Would you transcribe the records below from the line with "白くんと(仮)さん（個別スタンプ：7）" to the line with "7月3日(水)に、第1回教職員FD・SD研修会（オンライン）を行いました。", ends included, exactly and with nothing more, leaving the pictures out?

Input =
....................
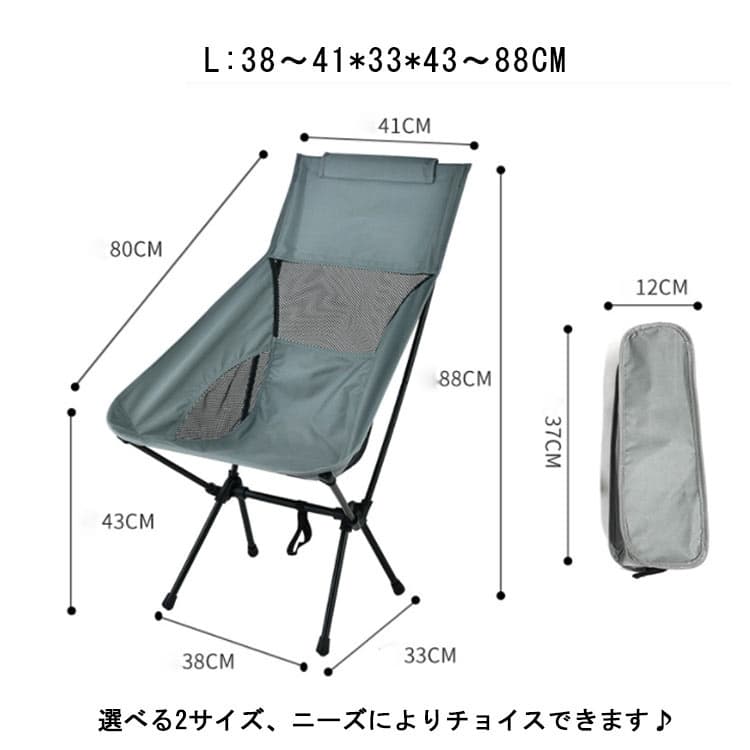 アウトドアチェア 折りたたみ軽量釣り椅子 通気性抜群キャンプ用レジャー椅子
....................
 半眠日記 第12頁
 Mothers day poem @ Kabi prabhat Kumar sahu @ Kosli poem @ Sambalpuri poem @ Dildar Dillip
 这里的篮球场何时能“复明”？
....................
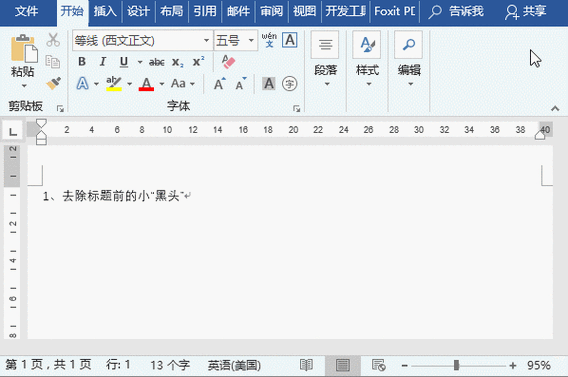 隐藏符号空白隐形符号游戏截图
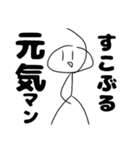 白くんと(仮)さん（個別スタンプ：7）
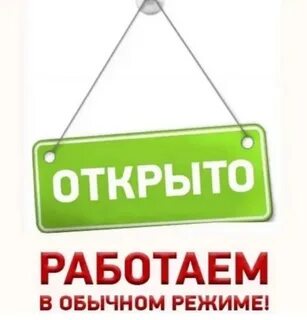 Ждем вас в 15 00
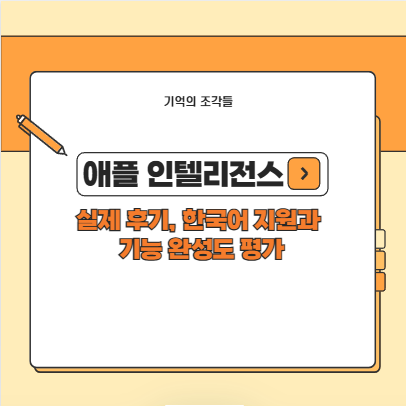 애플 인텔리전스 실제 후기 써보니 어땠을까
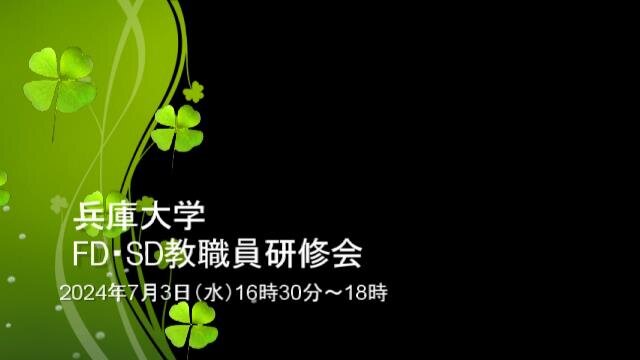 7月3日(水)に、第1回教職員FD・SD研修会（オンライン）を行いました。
....................
Result =
 白くんと(仮)さん（個別スタンプ：7）
 Ждем вас в 15 00
 애플 인텔리전스 실제 후기 써보니 어땠을까
 7月3日(水)に、第1回教職員FD・SD研修会（オンライン）を行いました。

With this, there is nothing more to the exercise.